The goal of this committee is to encourage and promote reproducible research within the SC community. To that end, we aim to assist SC authors in providing us with the necessary documentation that describes your artifact and help us evaluate it so we can assign a badge to the artifact.
Reproducibility Co-ChairRafael Tolosana-Calasanz, University of Zaragoza, Spain
Reproducibility Co-ChairJay Lofstead, Sandia National Laboratories
You will be making it easy for other researchers to compare with your work, to adopt and extend your research. This instantly means more recognition directly visible through badges for your work and higher impact. As described in this SC20 survey, thirty-five percent (35%) of the respondents have used the appendices information from papers in the SC conference proceedings in their research. There will be a general announcement for all accepted papers reproduced and badged.

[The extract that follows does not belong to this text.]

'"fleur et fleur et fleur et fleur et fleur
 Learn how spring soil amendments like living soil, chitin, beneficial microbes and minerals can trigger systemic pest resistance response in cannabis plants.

We use the terms artifact and research object as synonyms. A paper consists of several computational artifacts that extend beyond the submitted article itself: software, datasets, environment configuration, mechanized proofs, benchmarks, test suites with scripts, etc. A complete artifact package must contain (1) the computational artifacts, and (2) instructions/documentation describing the contents and how to use it. Further details and guidance about artifacts and research objects are provided all through this page.
The review process will take place in two stages:
The Artifact Description will be checked for completion and accessibility, and in Phase 2, Artifact Evaluation will happen for accepted papers that applied for badges. In conjunction with the paper submission, Artifact Descriptions are mandatory. The artifact description provides information about a paper’s artifacts. All SC papers must provide (1) an artifact description, or (2) provide a reason why an artifact description can not be provided (see below for the Artifact Description criteria).
APR 20, 2023: AD (mandatory) (Two weeks after the paper submission deadline)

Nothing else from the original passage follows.